Passò le notti successive a tentare di decifrarlo. Il giorno parlava con i pochi vicini, che la guardavano come una turista eccentrica. “Se senti voci, è normale,” disse un vecchio al mercato. “Qui le montagne sono piene di echi.” Anna non rispose. Non aveva voglia di folklore. Ma la terza notte, il segnale si trasformò in una voce. Distorta, lontana, ma chiaramente in spagnolo: “No es arriba… está debajo.” Non è sopra. È sotto.

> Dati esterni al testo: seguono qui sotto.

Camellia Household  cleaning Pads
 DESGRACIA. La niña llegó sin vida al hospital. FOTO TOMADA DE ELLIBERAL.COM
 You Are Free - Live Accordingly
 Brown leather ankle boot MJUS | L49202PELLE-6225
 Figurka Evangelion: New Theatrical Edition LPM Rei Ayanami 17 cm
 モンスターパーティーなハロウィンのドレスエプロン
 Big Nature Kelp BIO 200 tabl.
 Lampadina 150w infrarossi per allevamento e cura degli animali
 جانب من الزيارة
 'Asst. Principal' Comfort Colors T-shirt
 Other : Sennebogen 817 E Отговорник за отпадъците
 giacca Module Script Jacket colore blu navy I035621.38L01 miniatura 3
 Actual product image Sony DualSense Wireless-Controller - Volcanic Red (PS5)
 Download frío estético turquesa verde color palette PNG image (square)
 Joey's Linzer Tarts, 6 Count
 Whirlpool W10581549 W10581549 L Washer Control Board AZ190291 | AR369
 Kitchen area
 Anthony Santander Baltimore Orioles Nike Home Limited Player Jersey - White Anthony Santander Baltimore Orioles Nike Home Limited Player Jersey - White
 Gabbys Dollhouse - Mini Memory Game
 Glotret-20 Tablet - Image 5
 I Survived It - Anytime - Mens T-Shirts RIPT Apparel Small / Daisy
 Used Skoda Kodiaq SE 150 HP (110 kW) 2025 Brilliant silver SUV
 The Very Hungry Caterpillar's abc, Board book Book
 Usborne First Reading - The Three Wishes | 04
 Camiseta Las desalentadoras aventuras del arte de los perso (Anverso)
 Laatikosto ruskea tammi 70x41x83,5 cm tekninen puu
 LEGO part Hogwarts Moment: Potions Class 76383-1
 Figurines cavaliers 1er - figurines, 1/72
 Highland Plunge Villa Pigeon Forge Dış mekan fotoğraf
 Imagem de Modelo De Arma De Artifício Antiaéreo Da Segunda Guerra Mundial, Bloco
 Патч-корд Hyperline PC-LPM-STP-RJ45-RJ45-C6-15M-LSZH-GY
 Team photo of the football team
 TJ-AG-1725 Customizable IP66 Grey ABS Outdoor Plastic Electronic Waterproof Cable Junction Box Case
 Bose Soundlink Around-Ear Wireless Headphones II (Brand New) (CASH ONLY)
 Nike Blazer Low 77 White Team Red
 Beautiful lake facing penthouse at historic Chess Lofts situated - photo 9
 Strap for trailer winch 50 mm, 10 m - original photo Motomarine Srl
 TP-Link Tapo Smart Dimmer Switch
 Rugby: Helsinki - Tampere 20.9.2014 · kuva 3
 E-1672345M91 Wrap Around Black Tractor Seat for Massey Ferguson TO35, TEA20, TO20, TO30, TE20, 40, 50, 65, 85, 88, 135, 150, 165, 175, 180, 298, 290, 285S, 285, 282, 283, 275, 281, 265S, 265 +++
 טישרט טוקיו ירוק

Spaventata e incuriosita, Anna scese nel vecchio scantinato del casale. Trovò un vecchio apparecchio radio, arrugginito ma ancora acceso, come se qualcuno lo usasse ogni notte da un’altra stanza del mondo. Il segnale cessò solo quando lo toccò. La mattina successiva non provò a riaccenderlo. Si limitò a sedersi fuori, guardare le stelle e annotare nel suo diario: “Non tutte le frequenze servono a comunicare. Alcune servono solo a ricordarti che sei piccola.”

Quando lasciò la casa, scrisse un messaggio nel quaderno degli ospiti: “Grazie per avermi prestato il silenzio. Prometto di non decifrarlo troppo.” Poi chiuse la porta piano. Per non disturbare le stelle.